**EXERCISE GOAL:** Could you repeat all of the entries below word for word, apart from the pictures?

**EXTRACTED INFORMATION:**
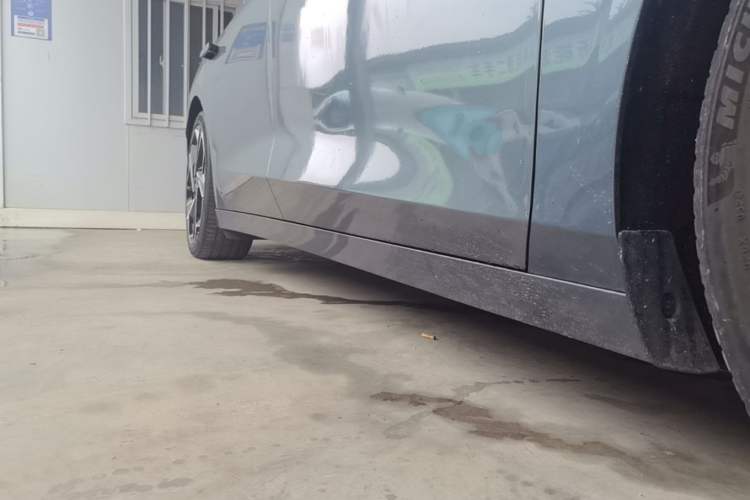 Used Lynk & Co Z10 2025 95 kWh 702 km All-Wheel Drive Intelligent Driving Ultra Right Side Sill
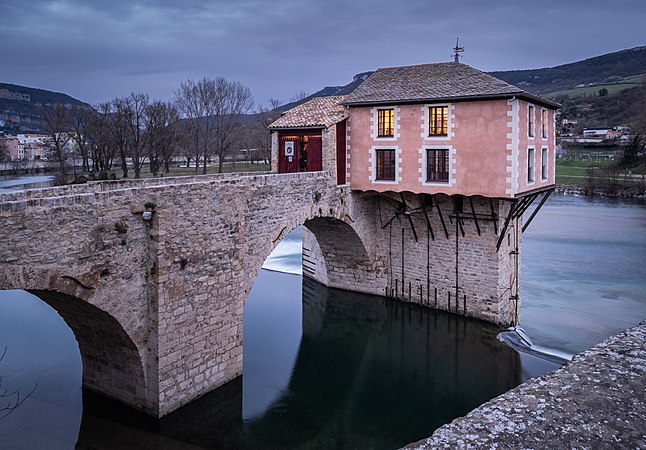 15 septembre — Pont Vieux (Millau) Photograph: Krzysztof Golik (CC BY-SA-4.0)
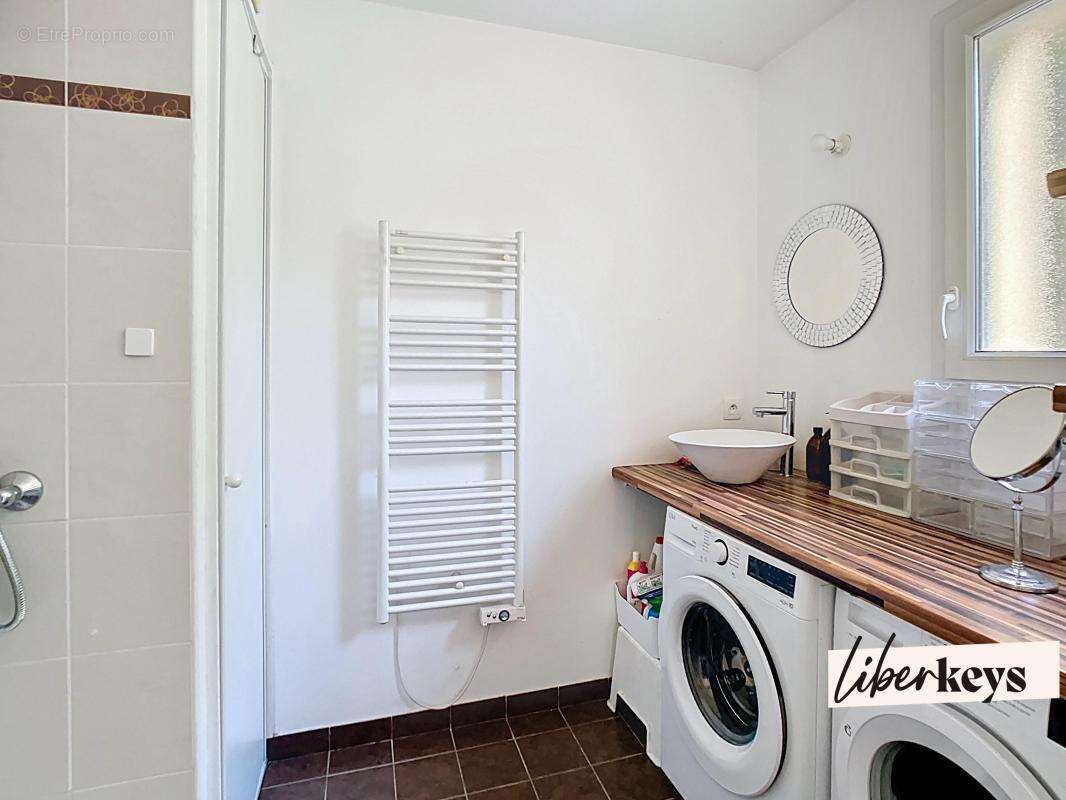 Appartement à RILLIEUX-LA-PAPE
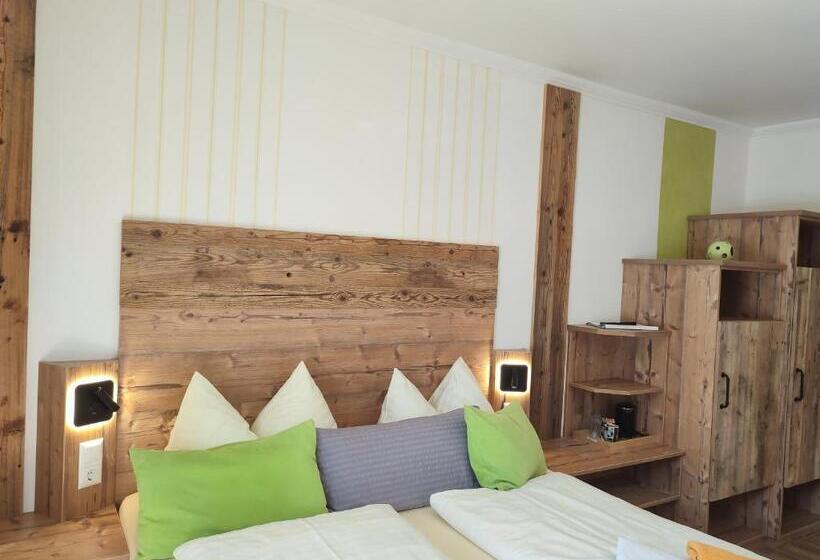 标准间带阳台, Gasthof Klug Zum Ehrensepp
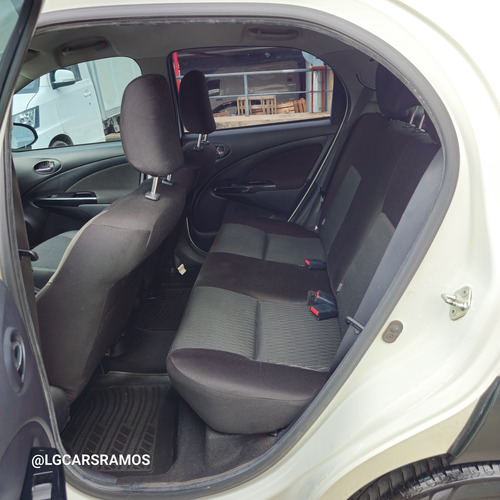 Toyota Etios 1.5 Cross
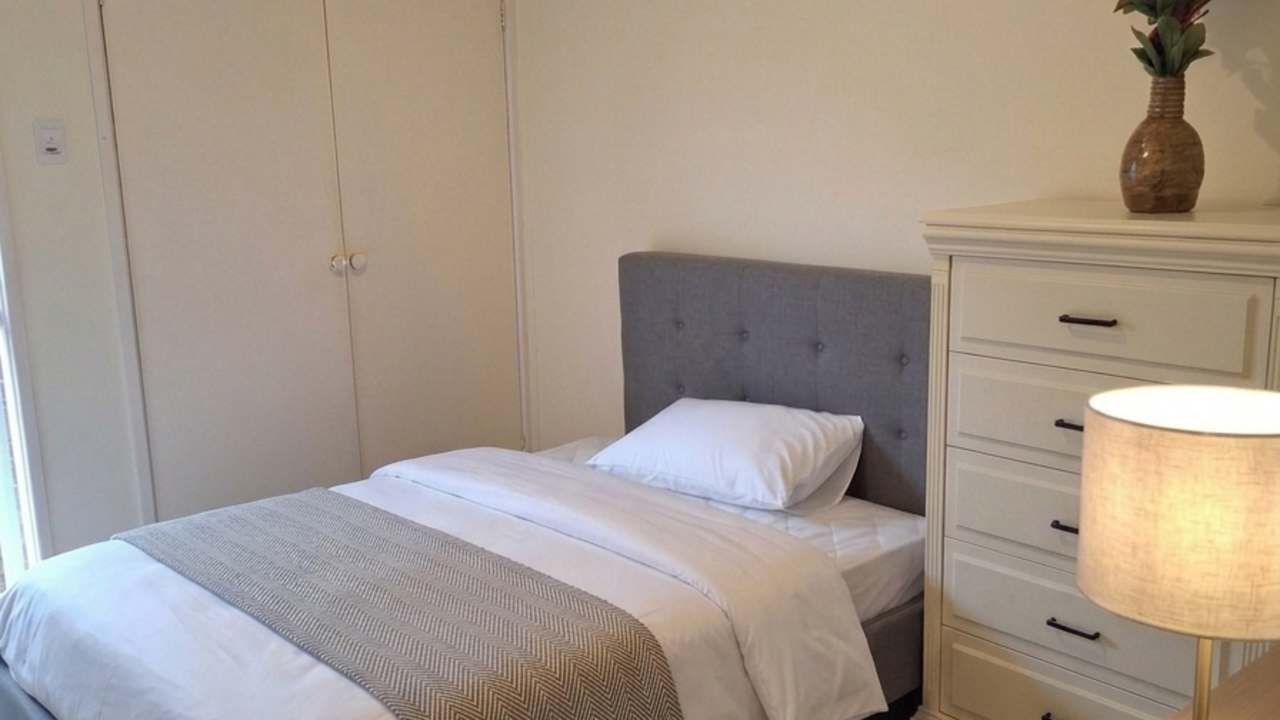 Furnished room in a share house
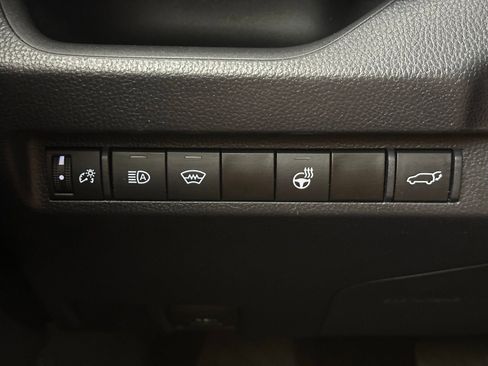 Used 2023 Toyota RAV4 XLE image 18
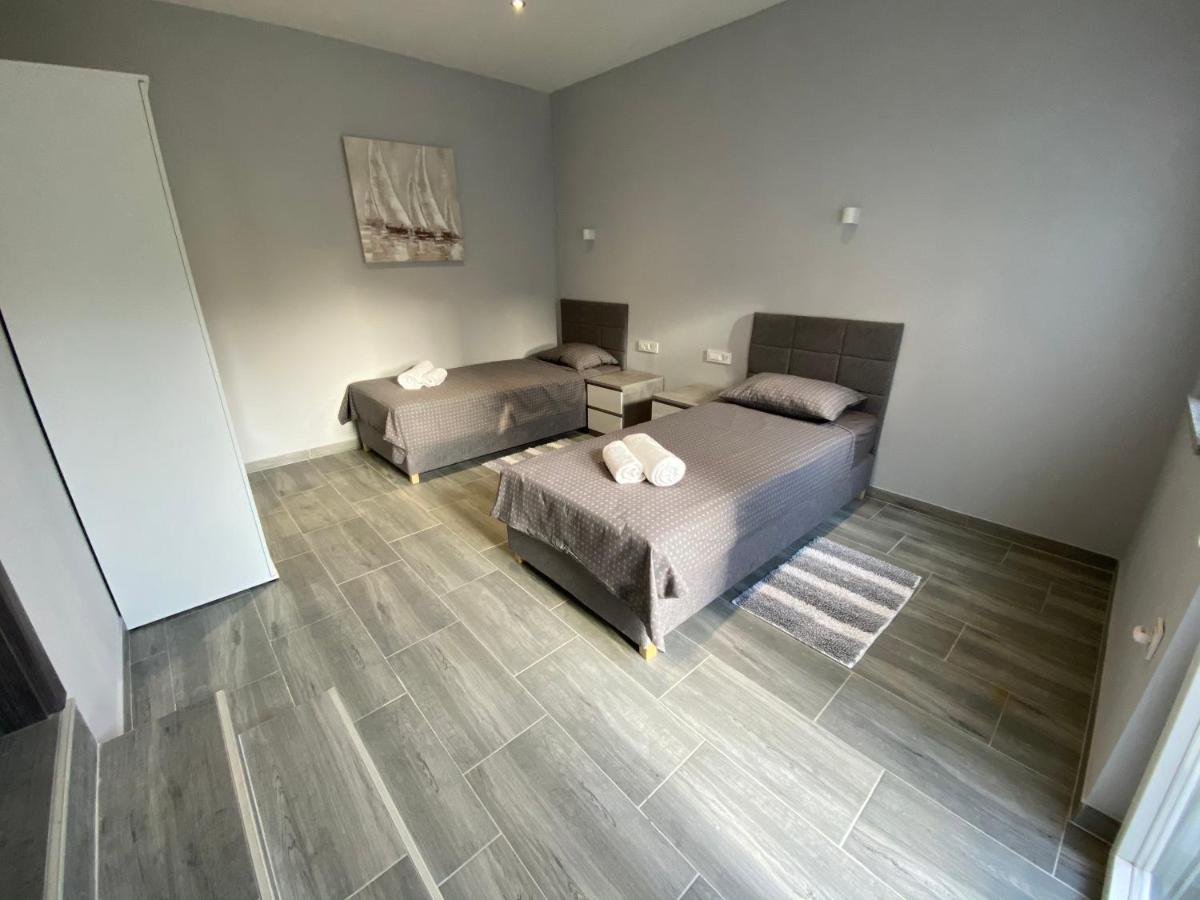 Villa Maleo 梅杜林 外观 照片
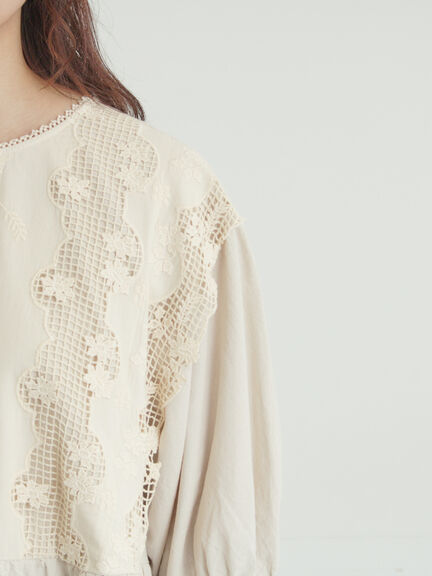 胸元レース貼りワンピース（オフホワイト/ブラック/キナリ）｜Samansa Mos2（サマンサ モスモス）通販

**ANSWER TO THIS PROBLEM:**
 Used Lynk & Co Z10 2025 95 kWh 702 km All-Wheel Drive Intelligent Driving Ultra Right Side Sill
 15 septembre — Pont Vieux (Millau) Photograph: Krzysztof Golik (CC BY-SA-4.0)
 Appartement à RILLIEUX-LA-PAPE
 标准间带阳台, Gasthof Klug Zum Ehrensepp
 Toyota Etios 1.5 Cross
 Furnished room in a share house
 Used 2023 Toyota RAV4 XLE image 18
 Villa Maleo 梅杜林 外观 照片
 胸元レース貼りワンピース（オフホワイト/ブラック/キナリ）｜Samansa Mos2（サマンサ モスモス）通販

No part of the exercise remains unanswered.